**Required work**
Repeat, line for line, only the span that opens at the "Ryan Reynolds and Alanis Morissette" line and closes at the final line below. Skip the pictures.

Start of Records

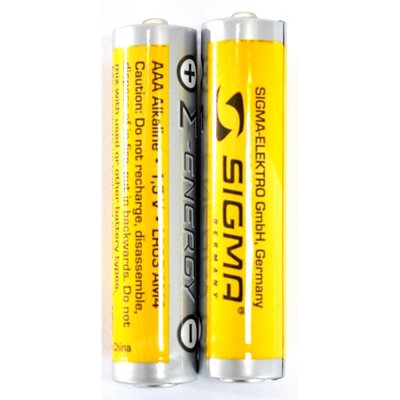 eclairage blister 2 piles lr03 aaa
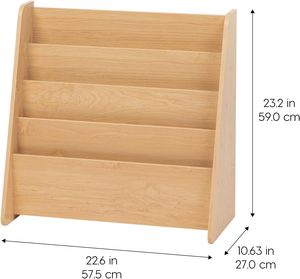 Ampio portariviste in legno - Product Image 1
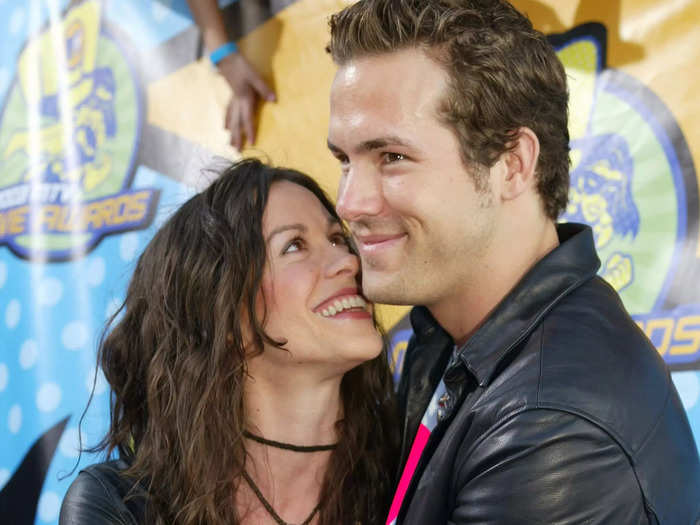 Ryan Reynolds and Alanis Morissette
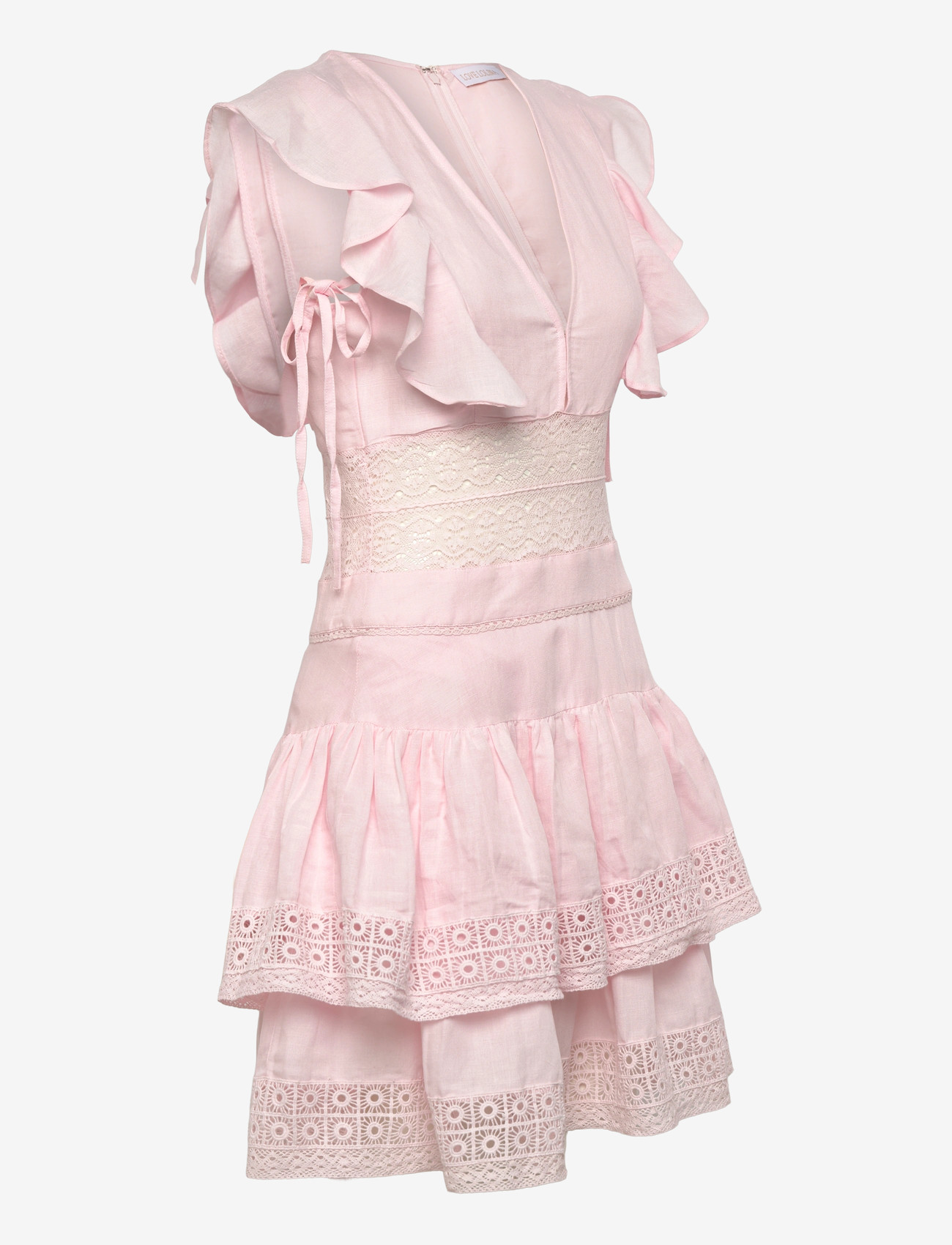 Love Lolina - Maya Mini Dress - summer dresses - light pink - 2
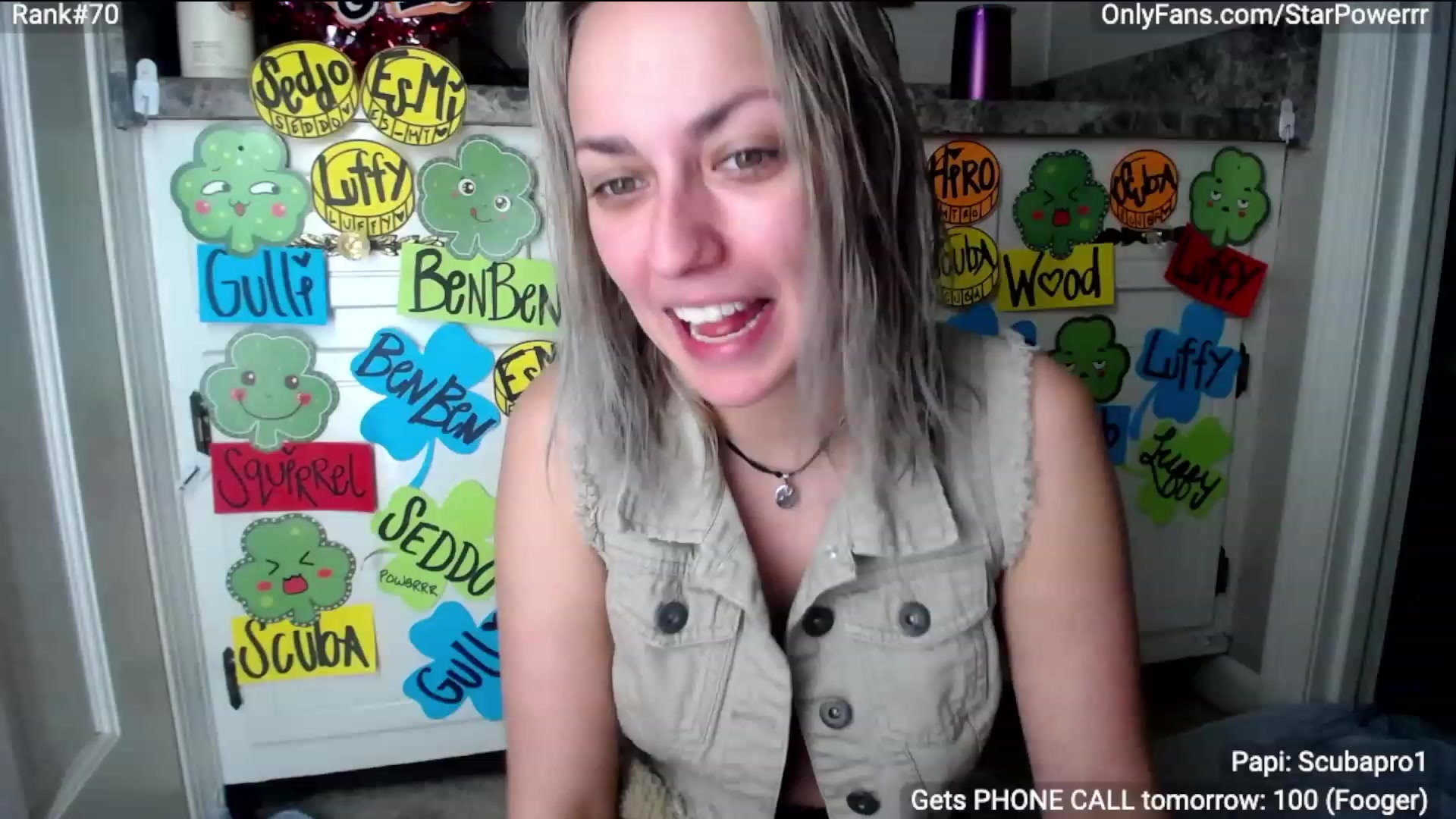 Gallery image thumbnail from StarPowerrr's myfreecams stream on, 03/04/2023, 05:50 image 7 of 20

End of Records

**Output of the task**
 Ryan Reynolds and Alanis Morissette
 Love Lolina - Maya Mini Dress - summer dresses - light pink - 2
 Gallery image thumbnail from StarPowerrr's myfreecams stream on, 03/04/2023, 05:50 image 7 of 20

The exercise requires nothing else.